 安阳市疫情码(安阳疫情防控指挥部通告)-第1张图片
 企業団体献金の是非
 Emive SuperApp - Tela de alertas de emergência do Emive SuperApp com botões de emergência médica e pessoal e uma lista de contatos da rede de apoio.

——

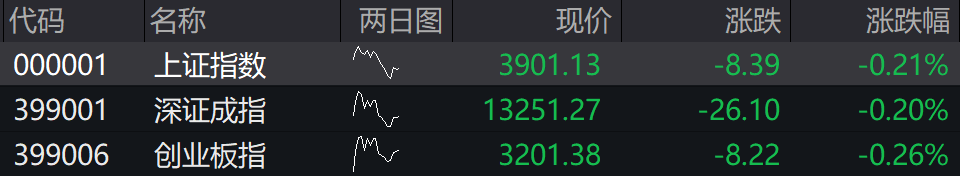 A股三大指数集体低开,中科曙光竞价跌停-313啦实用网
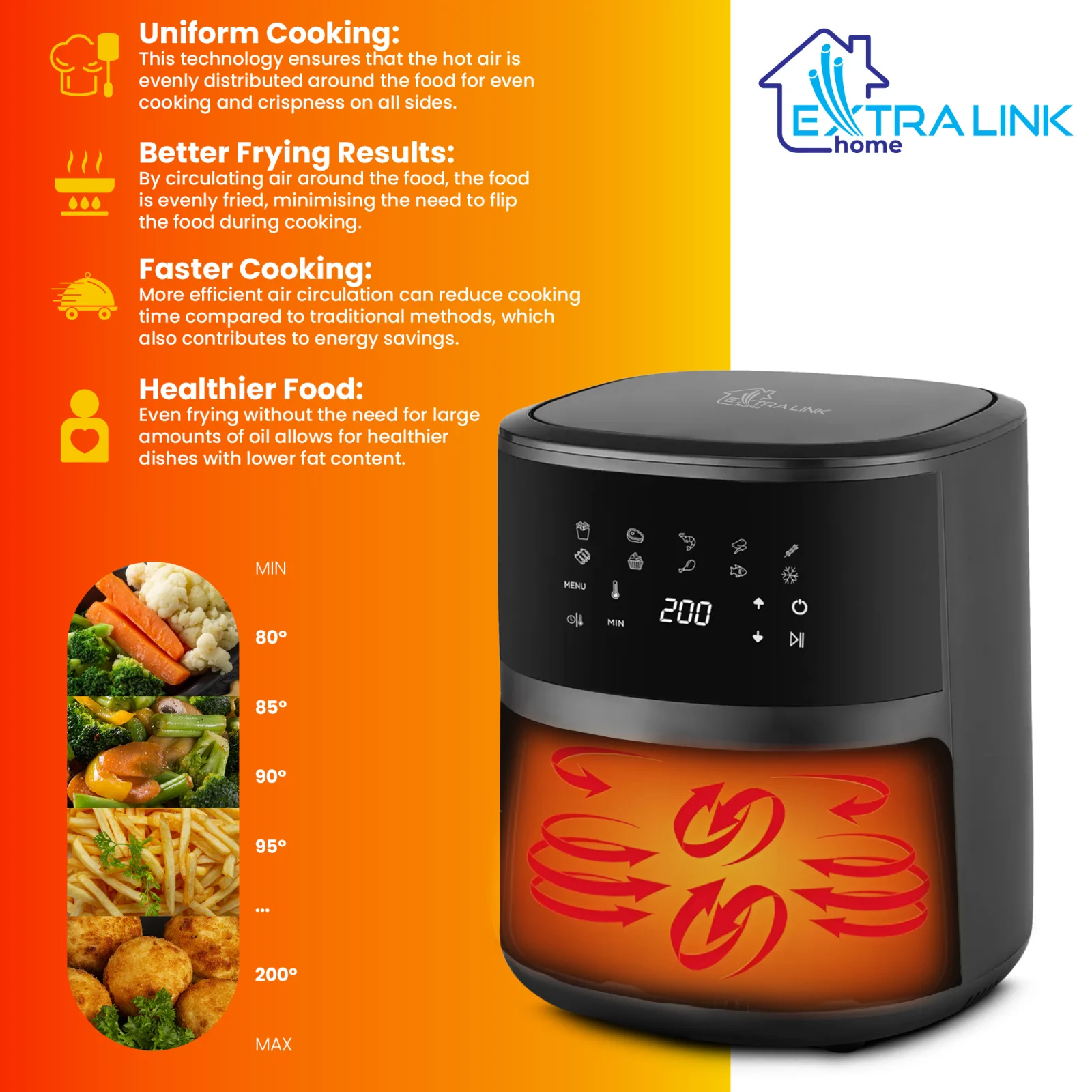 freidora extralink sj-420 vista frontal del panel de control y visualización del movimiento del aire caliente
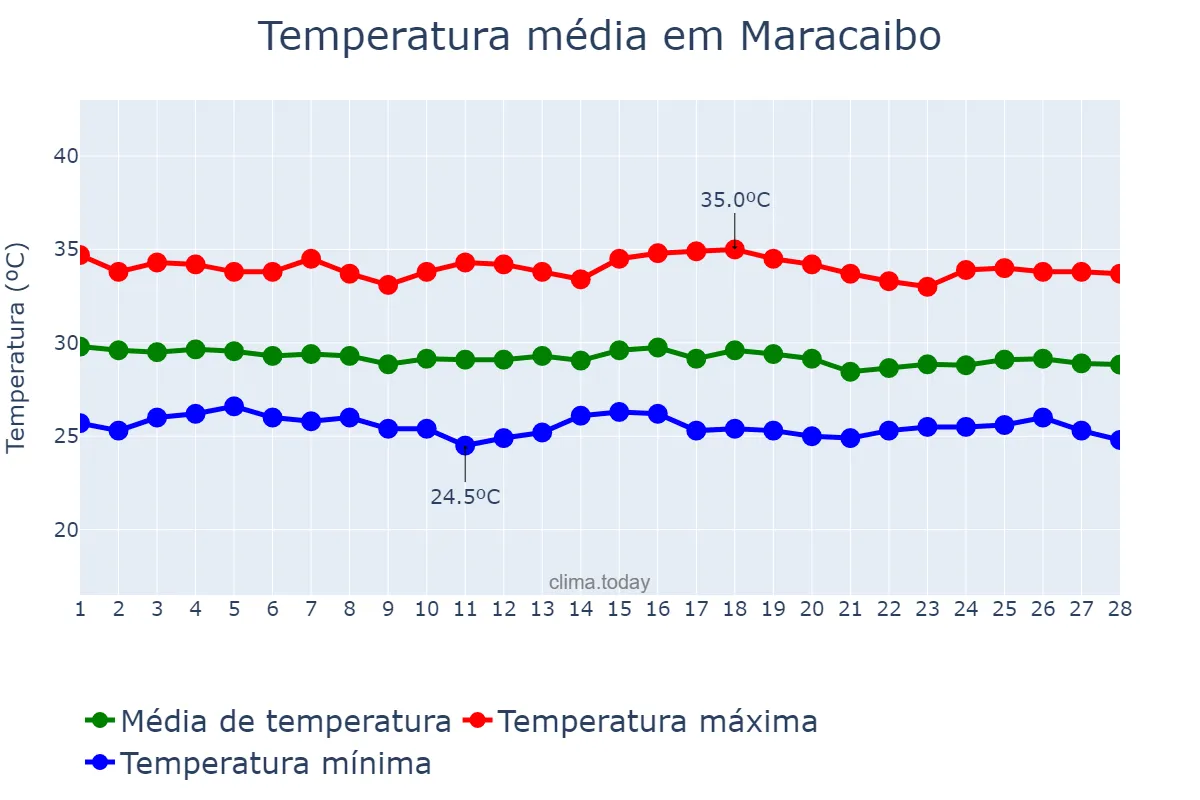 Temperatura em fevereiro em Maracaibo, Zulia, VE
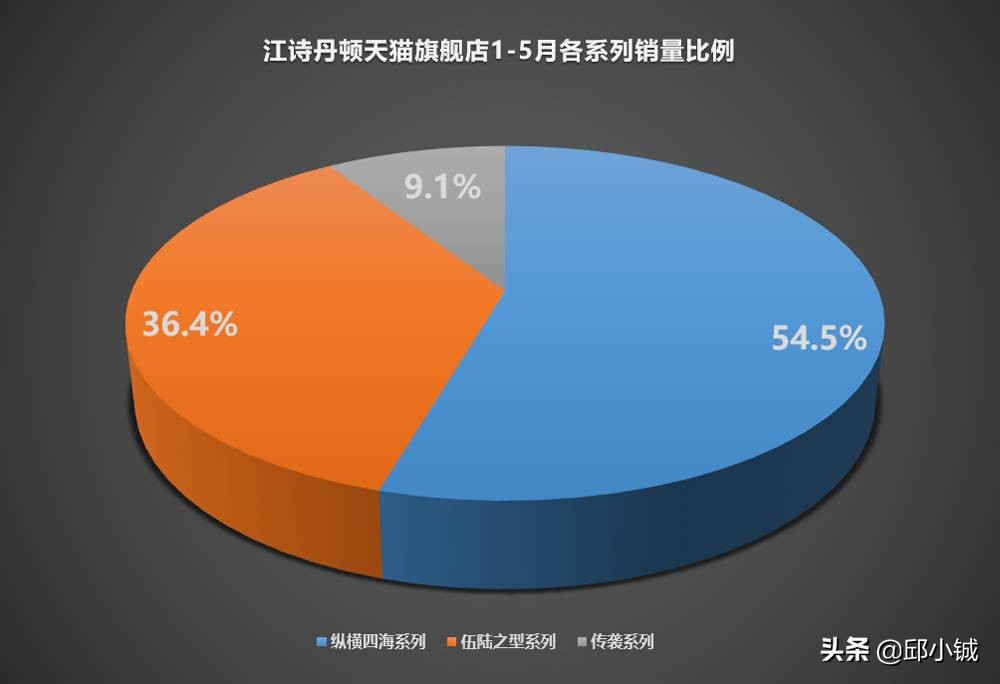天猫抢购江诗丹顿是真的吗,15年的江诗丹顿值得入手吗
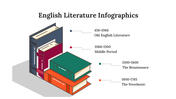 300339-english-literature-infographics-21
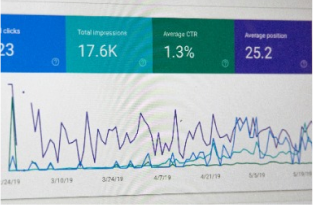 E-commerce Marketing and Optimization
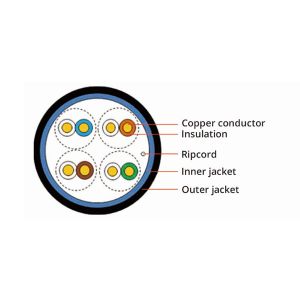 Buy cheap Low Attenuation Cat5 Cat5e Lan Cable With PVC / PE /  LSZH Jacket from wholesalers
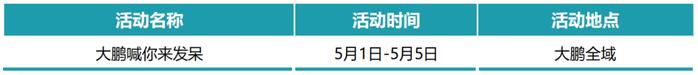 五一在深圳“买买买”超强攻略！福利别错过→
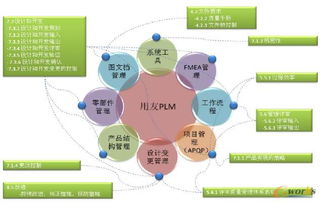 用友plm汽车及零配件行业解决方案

——

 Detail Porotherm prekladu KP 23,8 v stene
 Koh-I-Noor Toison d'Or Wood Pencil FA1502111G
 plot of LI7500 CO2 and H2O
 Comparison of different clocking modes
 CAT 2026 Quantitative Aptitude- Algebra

——

**Problem to solve**
In the entries above, every line from the line with "E-commerce Marketing and Optimization" to the line with "用友plm汽车及零配件行业解决方案" is to be printed exactly, with both ends included and pictures excluded.

**Result for this exercise**
 E-commerce Marketing and Optimization
 Buy cheap Low Attenuation Cat5 Cat5e Lan Cable With PVC / PE /  LSZH Jacket from wholesalers
 五一在深圳“买买买”超强攻略！福利别错过→
 用友plm汽车及零配件行业解决方案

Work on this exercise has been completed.